Q. Why does the Foundation promote digital conservation?
A. The Foundation wants to record forensically and accurately objects as they are. It is dedicated to finding innovative ways to study and analyse the information. It is essential that we understand any physical interventions that may have been imposed on the object - the aim is to generate more accurate information so that we can ‘see’ the object better. Technology does not replace interpretive skill, it informs it and enriches our understanding. This is essential to the preservation of our cultural heritage, given that future generations will have a more advanced understanding of digital analysis and material conservation. But they will not have, unless we safeguard the evidence, access to what we had - our inheritance as we received it.

Viewing the physically layered colour and overlaid relief data on a rendering of Rubens' Triumph of the Eucharist over Idolatry.

Q. What are the most effective technologies involved in recording cultural objects?
A. Computer vision and sensor technology provide enormous benefits and uses for the recording of objects. White light and laser scanning, video, still and time-lapse photography, photogrammetry X-ray and infra-red recording are techniques that are used or commissioned by the Foundation.

Below is a brief description of the technologies frequently used in recording cultural objects.

Close Range scanning – Laser scanners emit controlled laser radiation and detect the reflection of the emitted signal to create an image of the recorded object. The public perception is that these scanners are very expensive, a factor that depends largely on levels of accuracy; Branded scanners, which are designed for industrial processes and not for high resolution conservation, can be expensive, as their makers need to sell them and create demand. That means that not just development but also marketing and future risk are aspects that need to be costed in, as well as profit. Along with the recording device, software is needed to interpret and manage the recorded data - this can often soar the price by an additional fifty percent. In addition, software is not statically priced - it needs upgrading to be compatible - so yes, it is generally true that scanners can be expensive.

However the Manuel Franquelo's Lucida 3D Scanner reverses this trend. It is a high resolution low cost laser scanner with its own integrated software that records relief information as raw black and white video. Factum Arte and the Factum Foundation have been working under the direction of Manuel Franquelo for 2 years to develop the Lucida 3D laser scanner (see video and further detail below) using readily available components.

Manuel Franquelo's Lucida 3D Scanner, developed with the support of Factum Foundation

The Foundation will be releasing very soon the construction and operational details as well as the component specifications for the Lucida Scanner Version 3 in order that the widest public has access to this body of knowledge.

Long-range and middle distance scanning.
For large installations and objects the use of Time of Flight (ToF) middle-distance scanners is most appropriate. These scanners measure the time taken for a signal to bounce back from the target. With ToF scanners the user chooses a series of points defined as important on his target and records these; it is a selective system that creates an impression of the target. Middle-distance time of flight scanning is used when it comes to obtaining an impression of sites and buildings. The specifications of ToF scanners allow them to scan approximately 10,000 to one million points per second up to a distance of 200 meters, with an accuracy of 5 millimeters; this operation is then followed by a significant amount of post-processing, required as the data needs to be manipulated with complex and expensive software.

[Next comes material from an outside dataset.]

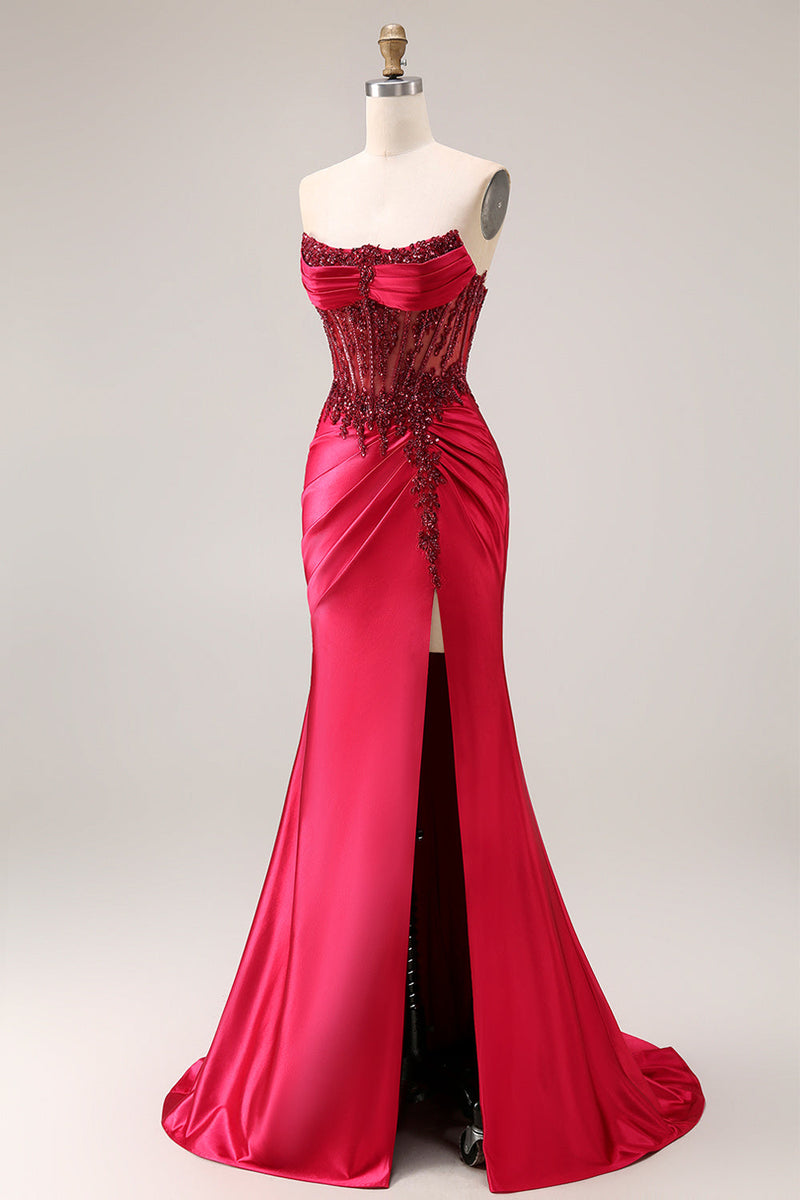 Laden Sie das Bild in den Galerie-Viewer, Bordeauxrotes Trägerloses Perlen Meerjungfrauen Korsett Satin Ballkleid mit Schlitz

Photography and Photogrammetry (also see a full description of parallel and panoramic photographic processes in later questions). The critical development that is taking place in the photography of paintings and objects is the ability to stitch high resolution images together to form composite images of extraordinary detail. When this is merged with 3D and multi-spectral images the interpretive potential is vast.

Q. What is the difference between white light and laser scanning?
A. The development of White Light scanning has focused on the capture of form (the recording of volumetric form). It also records the surface of these forms but the noise/information ration generally means that significant processing is required to extract the data from the noise - therefore reducing the correspondence between the data and the object. The field is developing rapidly and advances and innovations are constantly being made. Hand held laser systems mounted onto 7 axis arms can also be used to record volumetric objects but suffer from a similar loss of specific detail. To optimize the correspondence between the information and the surface the movement of the recording device must be as constant as possible. While a laser scanner mounted onto linear guides will record more accurate data it is limited to the recording of flat or almost flat surfaces. There is usually a direct relationship between speed of scanning and the correspondence between the data and the surface. There is a great deal of misunderstanding about resolution and accuracy.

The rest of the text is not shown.